Saturday morning dawned and the first thing that came to mind was the phrase 'man the lifeboats'. The weather forecast had, for once been correct, and it was pouring with rain. Over 150 of us stand holders bravely set up in spite of the conditions. We were fortunate enough to be situated next to 'The Greedy Bassett Kitchen'. As you can see from the picture they had come with a ready made Ark. So not only did they supply delicious refreshments but also a rescue boat should the rain continue to fall! 


Thankfully the weather soon brightened up and the visitors flooded in. We did a good trade on cookery books and  'Mrs Madden' aprons. We were lucky enough to have a visit from Mrs (and Mr) Madden - it is nice to be ale to introduce customers to the very lady that makes these lovely pinnies! www.mrsmaddenmakes.co.uk The aprons made a colourful and ever changing display around our show trailer. Bev Madden can embroider any ditty on to her beautiful aprons. She also has a new line in customised carrier bags, for both private individuals and other businesses. Cake makers and tearooms have been especially interested in her wares that can be used to promote their brands. One customer on the day was Veronica of 'Fairly Scrumptious' who bought a lovely green spotty 'do my buns look big in this?' Apron!

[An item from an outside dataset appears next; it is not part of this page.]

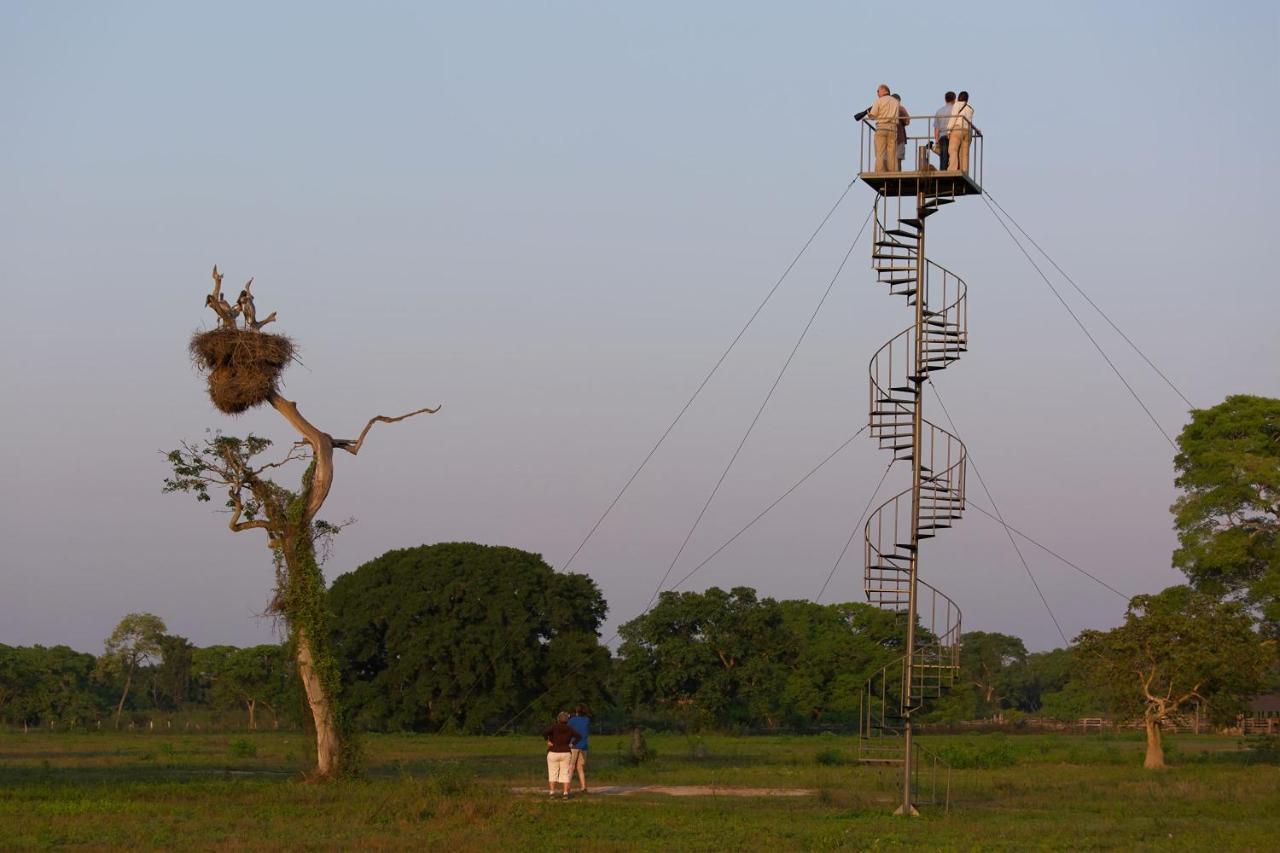 Southwild Pantanal Lodge Pixaim Ngoại thất bức ảnh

A gala dinner was held in the Milton Rooms on the Saturday evening. A very brave Phil Leverington of Flint and Flame took up the challenge of rustling up a six-course extravaganza that would withstand the judgment of one of the country's top chefs, Antonio Carluccio.  Brave and intrepid was probably the word as Phil had only a temporary kitchen, stocked with two Falcon cookers, and a completely  'new to him' support team on kind loan from the Cleveland Tontine and extra pairs of hands from The Talbot Hotel Malton. We needn't have worried the meal was a complete success, delicious food and hilarious interjections from Antonio on the microphone. Included in which was his description of the tender mutton we were eating as merely 'experienced lamb'! Montes Wines kept the liquid refreshments flowing and the Milton Rooms had been tastefully bedecked with bunting and fairy lights to provide a convivial atmosphere.



 
A host of top chefs took it in turns to demonstrate to a packed cookery theatre on both the Saturday and Sunday. Our Falcon cookers were complimented by the chefs, who are often tasked to cook up a demonstration feast on nothing more than an aged 'baby belling'!

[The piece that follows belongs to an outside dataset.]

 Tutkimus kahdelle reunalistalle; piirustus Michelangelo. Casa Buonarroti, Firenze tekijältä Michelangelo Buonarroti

Finally a huge thank you must go to Tom and Alice Naylor-Leyland and their family, to Jan, Deb and all at the Fitzwilliam estate, plus the tremendous efforts of an army of volunteers, all of whom ensured the success of the 2013 Malton Food Festival.


Monday, 13 May 2013

Malton Food Festival

We are excited to attend the Antonio Carluccio Charity Gala Dinner at this year’s Malton Food Festival.

Antonio will be using one of Country Warmth’s Falcon cookers to cook up a storm in The Milton Rooms on Saturday 18th May.

This special event hosted by Sir Philip and Lady Isabella, is a great opportunity to watch such a talented chef do what he does best. Guests will enjoy a sumptuous four-course dinner served with Montes wines.

We hope the event raises lots of money for charity.

For more information visit www.maltonfoodfestival.co.uk


Tuesday, 7 May 2013

Friday, 3 May 2013

COOK UP A SUMMER FEAST

Looking ahead to warmer temperatures and lighter nights. We suggest ideas for alfresco dining making good use of fresh fish and the seasonal glut of vegetables. Pop open the proseco and party on!

Cooking up a summer feast demonstration is on Wednesday 15th May from 10.30am.